Почтенный замок был построен Как замки строиться должны <...> [6, с. 31] В прозе Пушкина императивность должного раскрывает свою главную для автора функцию - «порядка вещей». Органически он возникает изнутри, инициируясь состоянием творящих его людей, но принимает затем объективные формы, редуцируя личностные интенции в конечном неразложимом результате. Соответственно «спланированное» соединение Лизы и Алексея в «Барышне-крестьянке» не могло состояться, тогда как неупорядоченное их сближение произошло и могло - в условиях «сельской свободы» -произойти более верным, простым и бесхитростным способом: «Но, думал Григорий Иванович, если Алексей будет у меня всякой день, то Бетси должна же будет в него влюбиться. Это в порядке вещей» [7, с. 122]. Как возможность, упование на «порядок вещей» отразилось в истории усадебных отношений Онегина и Татьяны, оно вполне оправдало себя в «Метели» и «Станционном смотрителе». Не однажды обращалось внимание на значение афоризмов, сентенций, пословиц и поговорок в «Повестях Белкина» (этому посвящена, например, работа польской исследовательницы О. Глувко «Поговорка "Время все сладит" в "Барышне-крестьянке"» [3]).

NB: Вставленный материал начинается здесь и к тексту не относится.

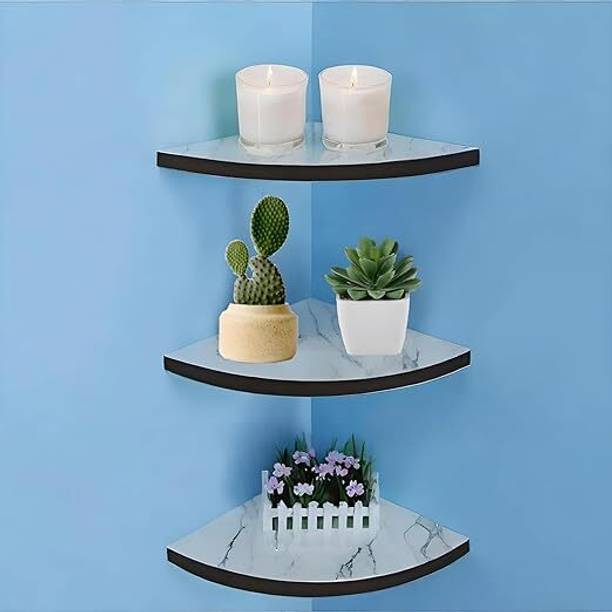 OnlineCraft Wooden Wall Mount Floating Wall Corner Rack shelves for living room MDF (Medium Density Fiber) Wall Shelf
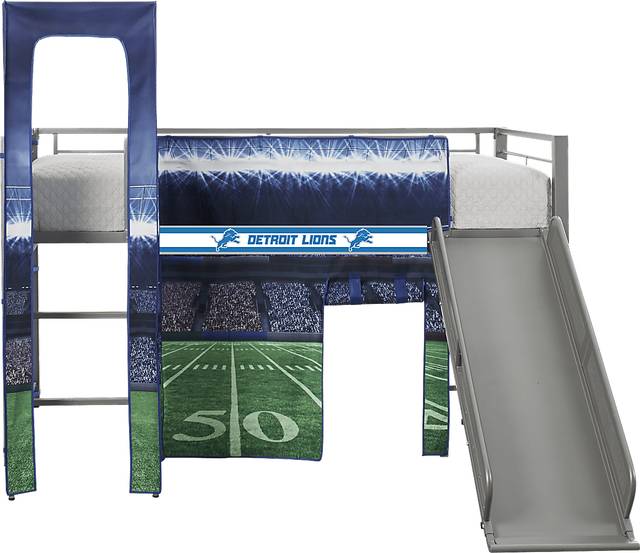 NFL 50 Yards Detroit Lions Silver Jr. Tent Loft Bed with Slide and Tower - Thumbnail - Image 1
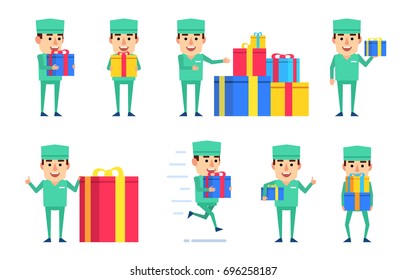 Set of doctor characters posing with various gift boxes. Cheerful doctor holding gift box, running and showing other actions. Simple vector illustration
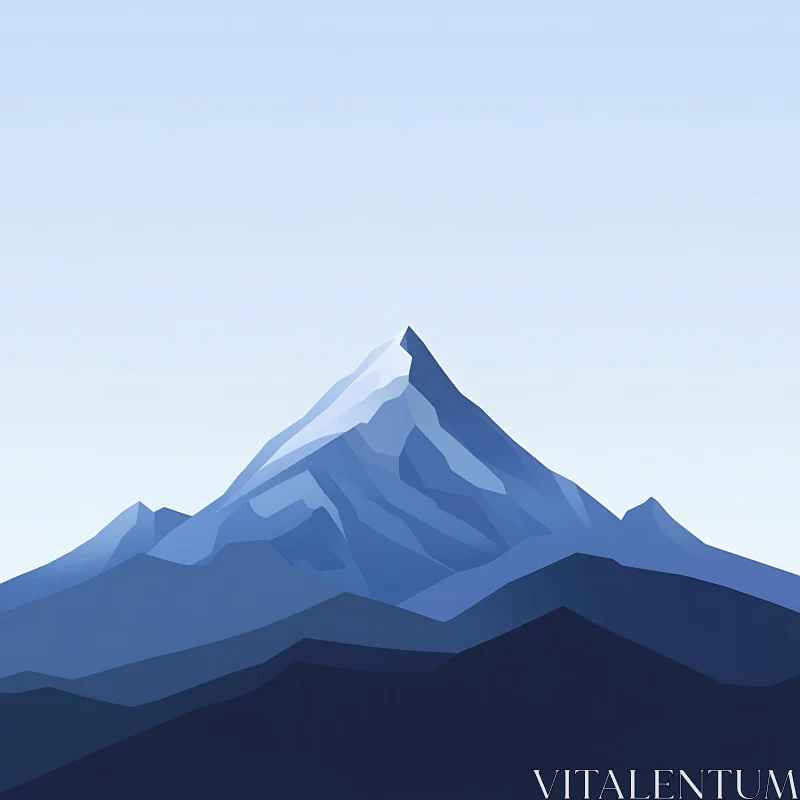 Blue Mountain Landscape Simple Design AI Image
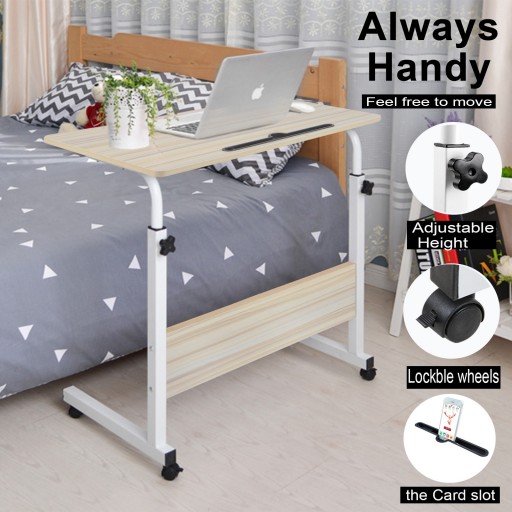 Laptop Table Adjustable Height Mobile Wooden Study Stand Computer iPad Bed Desk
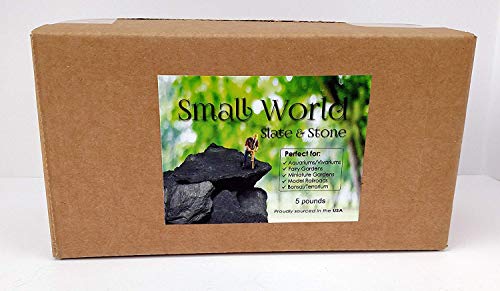 Natural Slate Stone 3 to 5 inch Rocks for Miniature and Fairy Garden, Aquascaping Aquariums, Reptile enclosures & Model Railroad. (5lbs) - size: 5 Pounds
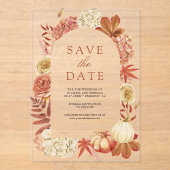 Invitations En Acrylique Terracotta Citrouille mariage floral Enregistrer l (Recto)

Рефлексивное - в позиции автора - расщепление идеи «порядка», понимаемого, с одной стороны, как некая норма, а, с другой, - как непредсказуемая, продуцируемая активностью личных воль форма жизнеустройства, начинает развиваться с середины XIX века - в прозе И.С. Тургенева, Л.Н. Толстого, А.Ф. Писемского, М.В. Авдеева. Не способный органично «прорасти» в «готовые» модели жизни, возникающий наперекор им и одновременно с оглядкой на них - в бессознательном стремлении восполнить недостаток правильного и должного, данный «порядок» выступает в изменчивой синкретической функции, сочетая в себе свойства наследственные и вновь приобретенные. Он доказывает свое право на существование, проходя через коллизии, исполненные драматизма, и не обязательно приводит в равновесие разнонаправленные силы, словно бы застывая в состоянии бытийной неполноты и незавершенности.

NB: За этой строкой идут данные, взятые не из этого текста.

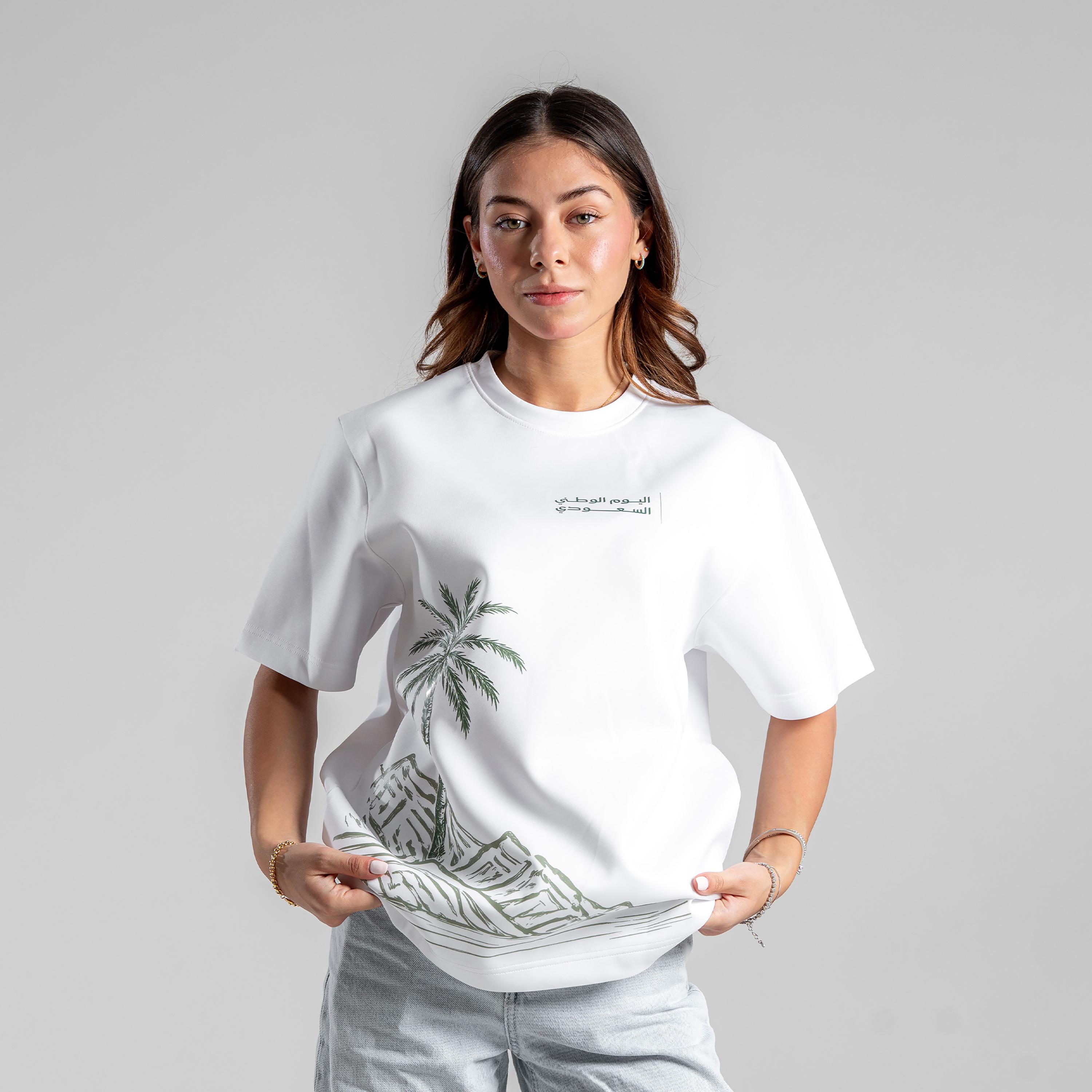 sanefn Palm Oasis Print Crew Neck Short Sleeves Women's National Day T-Shirt-women-clothing-tshirts-image-2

Проследим, как новый «порядок» проявляется в «Записках охотника» И.С. Тургенева - сочинении, циклическая форма которого позволяет возвести незавершенность в структурный принцип. На началах взаимодополняемости чередуются произведения, где «порядок» то представлен в патриархальном, нерефлективном выражении, то показан как акт творчества, наблюдаемый рассказчиком и последовательно изложенный в повествовании. Примечательно, что в том и в другом вариантах автор приходит к одному результату: образ совокупного, внутреннего и внешнего «порядка» в строе жизни и мировосприятии не похожих друг на друга персонажей, большей частью, отсутствует. Подлинное гармоническое счастье в равной мере недоступно как приверженцам старины, так и ее ниспровергателям. Диалог между старым и новым может кончиться бессмысленным компромиссом, одинаково несостоятельным как в контексте традиций, так и в динамике их коррекции со стороны сторонних импульсов, которые не укладываются в традицию.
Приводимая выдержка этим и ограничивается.